「DMの開封面には特典を大きく表示」「紛れないように凝ったDMを」......。作り手が効果的だと思い込んでいることも、実は受け手に響いていないこともある、と話すのはトッパンフォームズの宇井剛史氏。受け手を基点にコミュニケーション上の課題を解決してきた宇井氏が、DM作りで見落としがちな、作り手と受け手のギャップを指摘する。
生活者の手元に届くダイレクトメディアを通じ、心に響くコミュニケーションを実現できるようクライアント企業をサポートする中で、作り手側が見落としがちなDM作りのポイントが明らかになってきた。当社ではDMに対する生活者の声を独自に調査し、科学的な手法を用いながら、受け手の心に響くソリューションを提供する「LABOLIS(ラボリス)※」を運営している。
(※LABOLIS/LABOratoryとLISteningを合わせた造語。「みんなの声ラボ」「さいえんすラボ」「伝えるラボ」の三つのラボラトリー機能を有している。
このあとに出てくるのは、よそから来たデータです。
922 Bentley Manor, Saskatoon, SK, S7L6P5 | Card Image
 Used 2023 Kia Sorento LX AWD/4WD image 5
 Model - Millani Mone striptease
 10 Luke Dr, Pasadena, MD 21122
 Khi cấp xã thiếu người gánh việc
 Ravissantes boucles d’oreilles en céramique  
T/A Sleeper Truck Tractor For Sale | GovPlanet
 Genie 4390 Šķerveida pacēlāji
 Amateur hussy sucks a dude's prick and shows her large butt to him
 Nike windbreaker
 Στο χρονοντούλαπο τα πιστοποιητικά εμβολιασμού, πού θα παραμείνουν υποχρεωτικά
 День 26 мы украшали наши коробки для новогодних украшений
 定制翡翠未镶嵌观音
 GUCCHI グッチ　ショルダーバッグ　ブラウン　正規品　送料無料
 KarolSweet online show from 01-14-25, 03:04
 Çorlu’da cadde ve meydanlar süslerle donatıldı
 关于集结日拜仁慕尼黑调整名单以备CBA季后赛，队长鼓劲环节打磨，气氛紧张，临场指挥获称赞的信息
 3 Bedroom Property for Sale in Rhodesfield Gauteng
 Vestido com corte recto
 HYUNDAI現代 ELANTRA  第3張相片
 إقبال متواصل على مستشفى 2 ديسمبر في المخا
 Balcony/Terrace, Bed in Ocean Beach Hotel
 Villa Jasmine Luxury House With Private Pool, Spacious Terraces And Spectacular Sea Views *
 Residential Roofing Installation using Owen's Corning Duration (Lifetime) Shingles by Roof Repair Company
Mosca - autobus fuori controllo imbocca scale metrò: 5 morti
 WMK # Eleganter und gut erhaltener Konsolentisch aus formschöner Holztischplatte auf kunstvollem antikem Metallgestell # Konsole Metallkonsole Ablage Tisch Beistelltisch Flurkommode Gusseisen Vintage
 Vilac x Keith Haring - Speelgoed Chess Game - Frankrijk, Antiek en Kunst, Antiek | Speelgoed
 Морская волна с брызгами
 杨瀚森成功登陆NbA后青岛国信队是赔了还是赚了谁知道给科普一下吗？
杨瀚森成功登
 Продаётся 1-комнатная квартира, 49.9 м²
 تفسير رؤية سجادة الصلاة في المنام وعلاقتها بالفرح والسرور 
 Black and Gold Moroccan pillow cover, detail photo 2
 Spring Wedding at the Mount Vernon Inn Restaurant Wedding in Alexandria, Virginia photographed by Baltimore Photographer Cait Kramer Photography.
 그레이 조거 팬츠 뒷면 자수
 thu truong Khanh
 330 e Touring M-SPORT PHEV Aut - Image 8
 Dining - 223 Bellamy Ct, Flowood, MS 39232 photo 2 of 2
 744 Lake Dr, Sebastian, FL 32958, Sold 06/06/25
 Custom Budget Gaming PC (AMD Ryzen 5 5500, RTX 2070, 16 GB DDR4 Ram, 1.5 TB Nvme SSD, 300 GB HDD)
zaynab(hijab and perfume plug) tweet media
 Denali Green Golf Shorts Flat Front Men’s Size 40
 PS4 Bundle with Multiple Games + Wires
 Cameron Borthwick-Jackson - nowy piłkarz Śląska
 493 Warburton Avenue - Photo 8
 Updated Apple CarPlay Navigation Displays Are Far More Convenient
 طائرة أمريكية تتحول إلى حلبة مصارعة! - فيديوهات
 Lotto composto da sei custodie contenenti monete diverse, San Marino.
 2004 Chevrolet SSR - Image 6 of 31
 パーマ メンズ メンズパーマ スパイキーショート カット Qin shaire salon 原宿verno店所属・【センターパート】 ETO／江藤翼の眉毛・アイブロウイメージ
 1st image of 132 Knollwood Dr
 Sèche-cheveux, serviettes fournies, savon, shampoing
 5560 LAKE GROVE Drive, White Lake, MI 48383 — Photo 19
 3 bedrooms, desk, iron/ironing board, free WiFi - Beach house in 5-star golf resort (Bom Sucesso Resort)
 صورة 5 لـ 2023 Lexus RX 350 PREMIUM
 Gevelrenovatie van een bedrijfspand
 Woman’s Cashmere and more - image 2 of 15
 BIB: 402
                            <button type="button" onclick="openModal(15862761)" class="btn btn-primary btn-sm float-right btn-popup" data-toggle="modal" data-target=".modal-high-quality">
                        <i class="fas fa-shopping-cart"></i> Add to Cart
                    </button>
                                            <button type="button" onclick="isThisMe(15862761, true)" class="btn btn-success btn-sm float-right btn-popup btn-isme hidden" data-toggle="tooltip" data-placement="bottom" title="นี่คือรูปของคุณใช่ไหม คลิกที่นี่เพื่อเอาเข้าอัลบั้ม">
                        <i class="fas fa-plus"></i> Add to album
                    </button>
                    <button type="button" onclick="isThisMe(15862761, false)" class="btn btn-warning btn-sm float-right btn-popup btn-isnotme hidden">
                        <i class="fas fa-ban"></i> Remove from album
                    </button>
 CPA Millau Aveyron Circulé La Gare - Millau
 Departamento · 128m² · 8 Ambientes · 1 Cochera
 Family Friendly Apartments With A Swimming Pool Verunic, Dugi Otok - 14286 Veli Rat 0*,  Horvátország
)
ここでは、このLABOLISで長年蓄積してきたさまざまな調査や分析の中から、DM制作者が今すぐに取り入れ、受け手の気持ちに添った内容に改善できる三つのポイントを紹介したい。
ポイント1
DMの開封判断は5秒以内
「差出企業名」はきちんと伝える
受け取ったDMを開封するかどうかを判断する時間は、5秒以内という人が約90%にのぼる(グラフ1)。「DM開封面(例えば封筒表)に記載したことは全部読んでくれるはず」という前提でDMを制作していたら要注意だ。受け手はDMが必要か不要かを5秒という短い時間で判断している。そのふるいに残らなければ、開封面であっても内容を確認してもらうには至らないのだ。
続いてグラフ2を見てほしい。分かってしまえば当たり前だが差出企業名が開封判断の第一要素となっている。DMを企画する時、あなたはまず何から考え出しているだろうか?「珍しいDMでなければ手に取ってもらえないから大きさや形態から考え始める」「特典がないと振り向いてもらえないからインセンティブの予算と品物を吟味する」。どちらも重要なファクターだが、その前に「パっと見てどこから来たDMか分かるようにする」のが大前提だ。
例えば「以前に購入したあの商品のDMだ」といったことが伝わらないと、不信感が先に来る。「なぜこのDMがうちに来たのか?怪しいところじゃないか?」と思われたら、購入までスムーズにいくのは難しい。
まずは自分が何者かを表明し、それに気付いてもらう表現がDMの開封面にとって必要な要素である。